Welcome to episode #005 of the AR15 Podcast. I’m your host Jake Challand from Gun Guy Radio. This is THEE podcast about youuurrrr favorite black rifle! This show is for you; whether you're building your first AR or you’ve been building ARs for years. There’s something we can all do to take our black rifle to the next level. Joining me is Co-host Reed Snyder former Marine and full time Texan.
Main Topic: AR-15 Cool Factor Brownell's AR-15 Builder - Build your own cool looking AR-15 here
Listener Feedback: Jon: Thank you again for this podcast subject, however the explanation given about forgings is inaccurate. There are three basic configurations for aluminum used in the manufacture of AR lowers: forgings (strongest), billet (moderate), and cast (weakest).
Forgings: Almost all major manufacturers use aluminum forgings for their lowers. Due to the high cost of the machinery, only 5/6 foundries fabricate the forgings for all the AR's made in America. A piece of red hot aluminum is put in between two dies and is smashed into shape by a very large (100 ton) hydraulic hammer. These raw forgings are then sent to a machine shop for further machining and processing. The forging process aligns the molecules in the aluminum grain structure to make a very strong finished product. (Note: All aircraft landing gears and highly stressed wing parts are manufactured this same way because of their strength.)
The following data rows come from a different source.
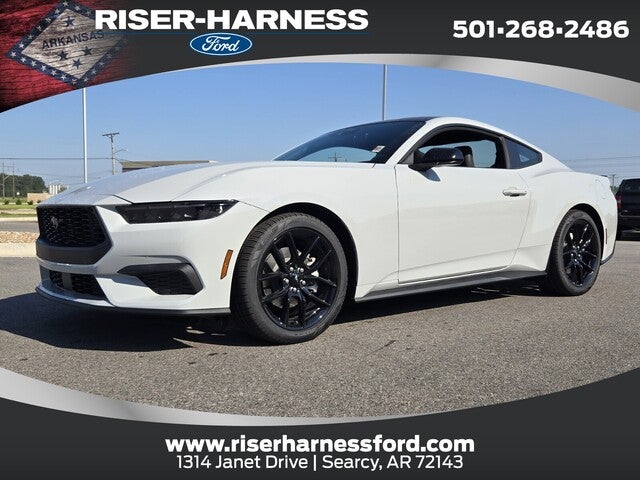 2026 Ford Mustang EcoBoost® Fastback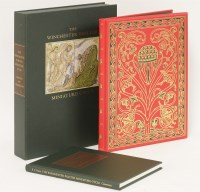 Lot 74 - The Winchester Psalter Miniature Cycle. The Folio Society 2015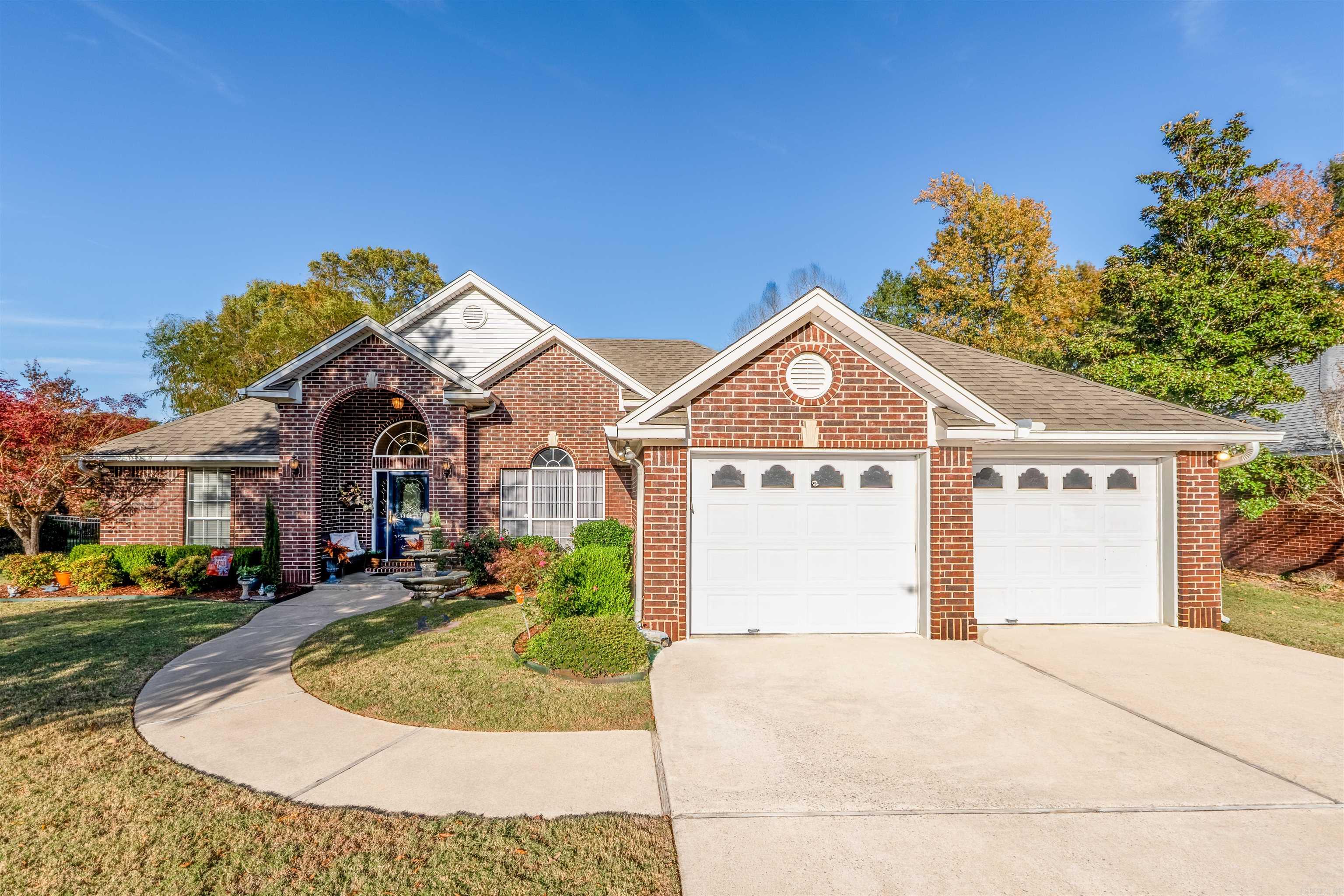 168 Calais Dr  Maumelle, AR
Billet: Billet is nothing more than flat plate or bar stock that is machined to finished configuration, cutting through all the molecular grain structure, thereby weakening it. There are only a couple of manufacturers, like Sun Devil, making billet lowers. Their benefit is that they can change configurations or modify tolerances with a few keystrokes on the computer. The material used is usually 6061 -T6, rather than the stronger 7075-T6 used in forgings.
Castings: This is what was given as being a forging (ie pouring aluminum into a mold, usually made from sand or ceramic media) in podcast #3. Castings got off to a bad start as being weak in the early years of aftermarket lowers, due to a very granular, easy to fracture molecular structure. Castings are generally used because they are cheap to produce and minimize additional machining required. Ruger now uses this method exclusively for their firearm actions, including the SR 556. They seem to have gotten it right, but most builders will still shy away from any cast uppers or lowers for strength reasons.
95% of production lowers are strong forgings produced by 5 or 6 foundries in America and are sold to only 11-18 machine shops. They are then sold to the actual AR manufactures with the manufacturer's name imprinted on the lower.
You have a great podcast and forum with a lot of listeners. I'm sure you would like the correct info out there. Just thought I'd bring this to your attention, but know you will probably want to follow up with research of your own. You will probably want to fact check on future podcasts, because many of your listeners are taking what you are saying as accurate fact.
Looking forward to more good stuff!
Lane Douglas: In episode 015 of GGR you talked about building an AR. Do you have a source for the lower casting, the part with the serial number, that will sell without first registering it through an FFL? Brownells will not sell without shipping to my FFL, ditto for a few others I have checked. I am ok with the process, just trying to avoid the $10 back ground fee, and $25 transfer fee that my FFL charges.